- **Task item**: Reproduce word for word the lines between those holding "Death at the Terminus book cover" and "Explore marvin the", inclusive, and nothing else from the data below.

- **Exercise inputs**:
-----

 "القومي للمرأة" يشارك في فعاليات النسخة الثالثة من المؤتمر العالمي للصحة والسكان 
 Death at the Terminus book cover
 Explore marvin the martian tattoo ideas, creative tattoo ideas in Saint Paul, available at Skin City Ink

-----

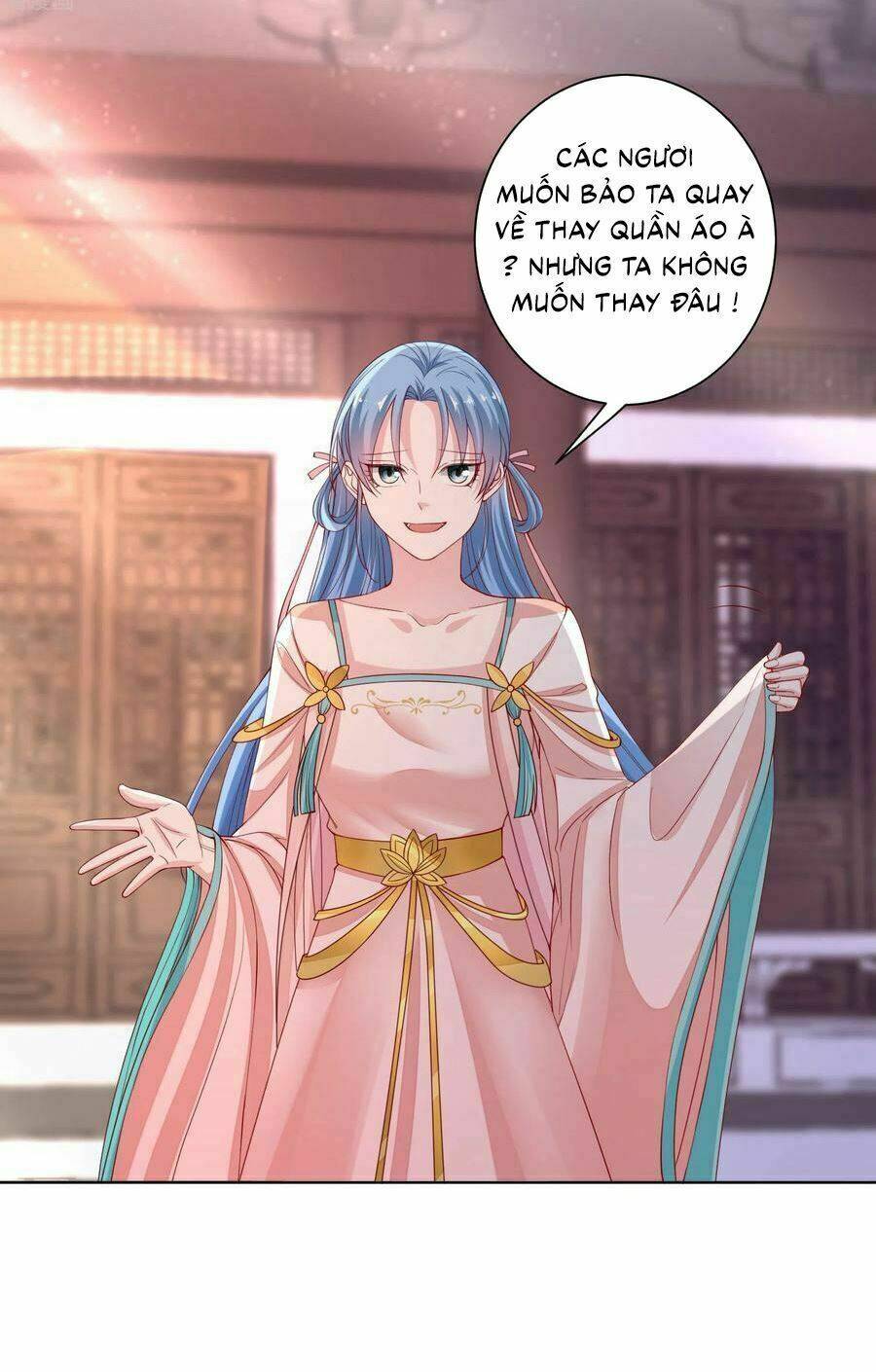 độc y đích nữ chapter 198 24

-----

- **Solution to this task**:
 Death at the Terminus book cover
 Explore marvin the martian tattoo ideas, creative tattoo ideas in Saint Paul, available at Skin City Ink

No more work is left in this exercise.